**PROBLEM TO SOLVE**
From the line containing "Sea Links Villa - Ideal Coastal Getaway" through the last line of the entries below, print each line exactly. Pictures stay out.

Stored data:

+ + + + + + +

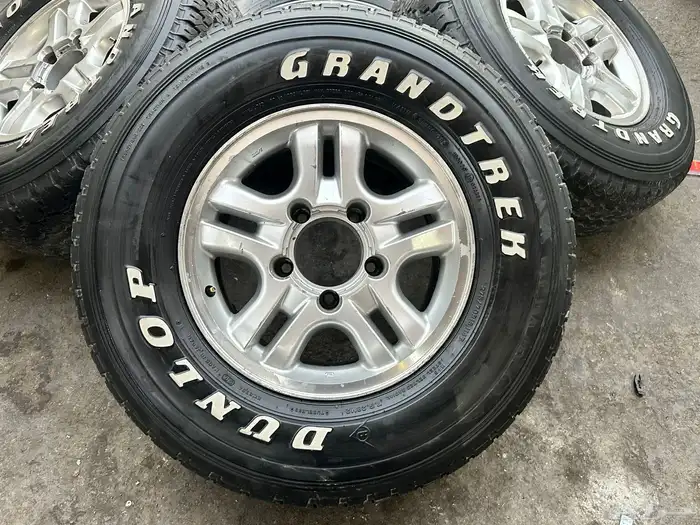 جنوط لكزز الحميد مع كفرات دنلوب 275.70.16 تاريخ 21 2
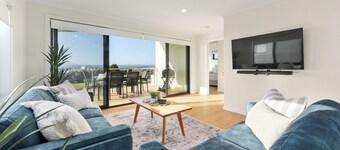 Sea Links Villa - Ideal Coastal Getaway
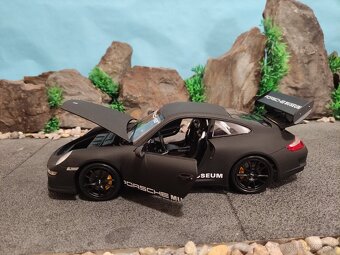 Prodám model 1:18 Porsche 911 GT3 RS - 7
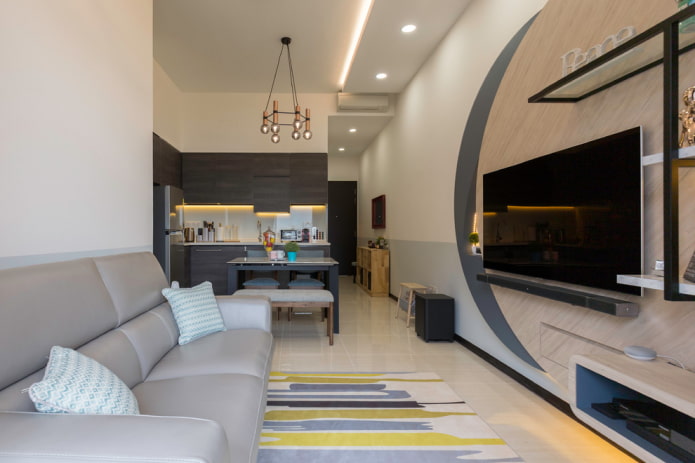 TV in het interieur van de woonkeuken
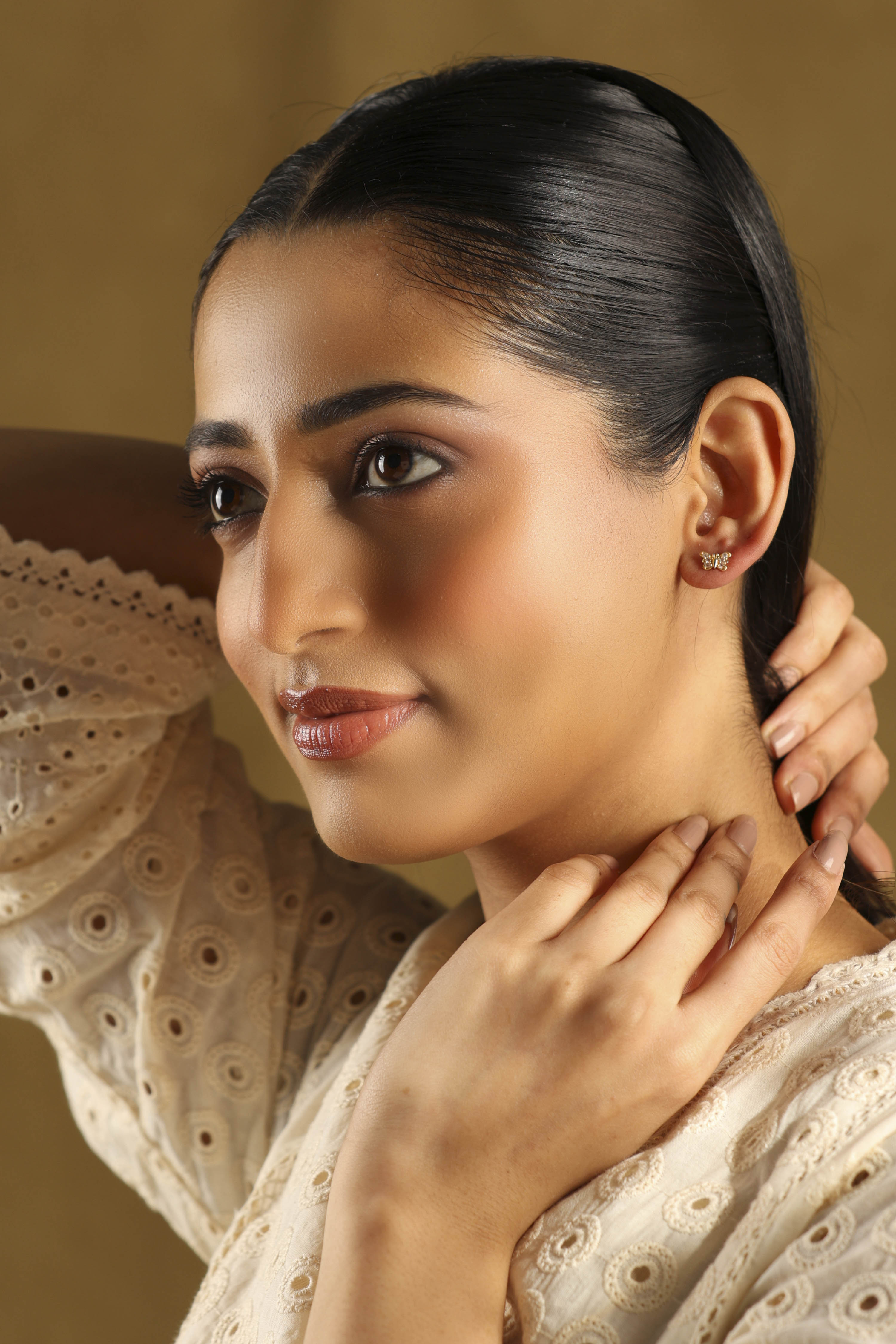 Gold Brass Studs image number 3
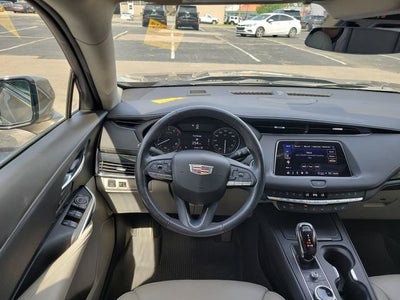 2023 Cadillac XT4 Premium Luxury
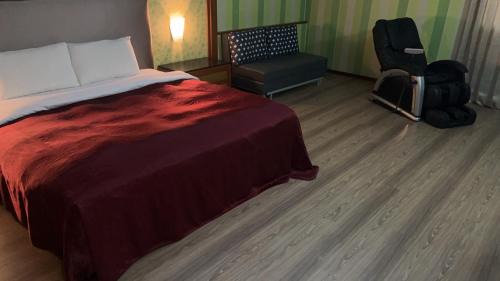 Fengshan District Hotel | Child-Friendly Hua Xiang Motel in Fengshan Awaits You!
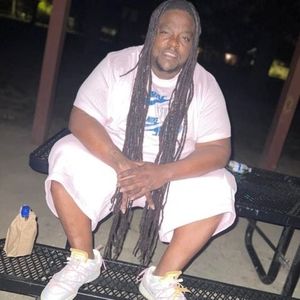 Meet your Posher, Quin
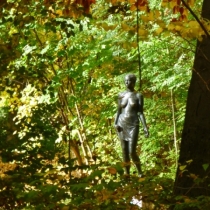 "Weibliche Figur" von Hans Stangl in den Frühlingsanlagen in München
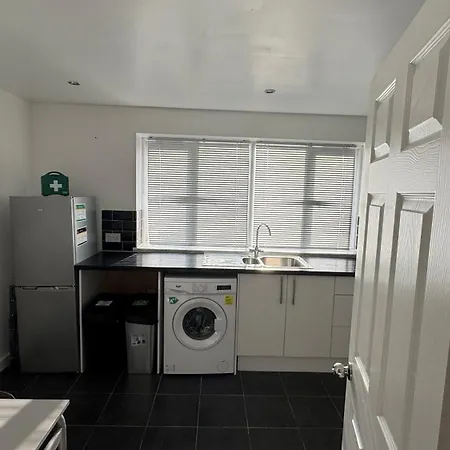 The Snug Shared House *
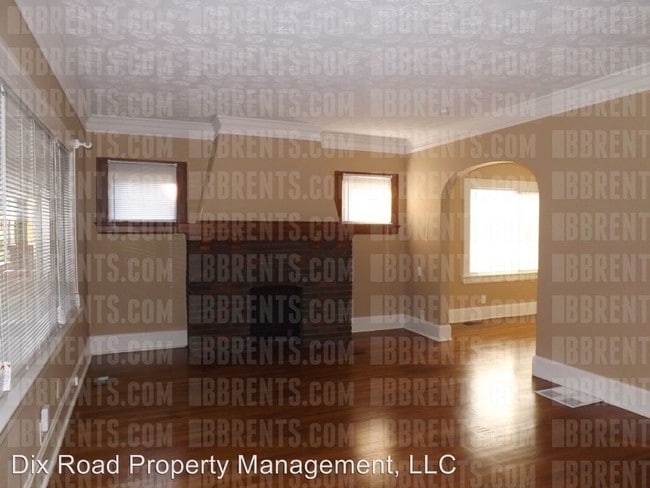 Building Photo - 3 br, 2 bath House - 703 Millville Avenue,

+ + + + + + +

**ANSWER FOR THE TASK**
 Sea Links Villa - Ideal Coastal Getaway
 Prodám model 1:18 Porsche 911 GT3 RS - 7
 TV in het interieur van de woonkeuken
 Gold Brass Studs image number 3
 2023 Cadillac XT4 Premium Luxury
 Fengshan District Hotel | Child-Friendly Hua Xiang Motel in Fengshan Awaits You!
 Meet your Posher, Quin
 "Weibliche Figur" von Hans Stangl in den Frühlingsanlagen in München
 The Snug Shared House *
 Building Photo - 3 br, 2 bath House - 703 Millville Avenue,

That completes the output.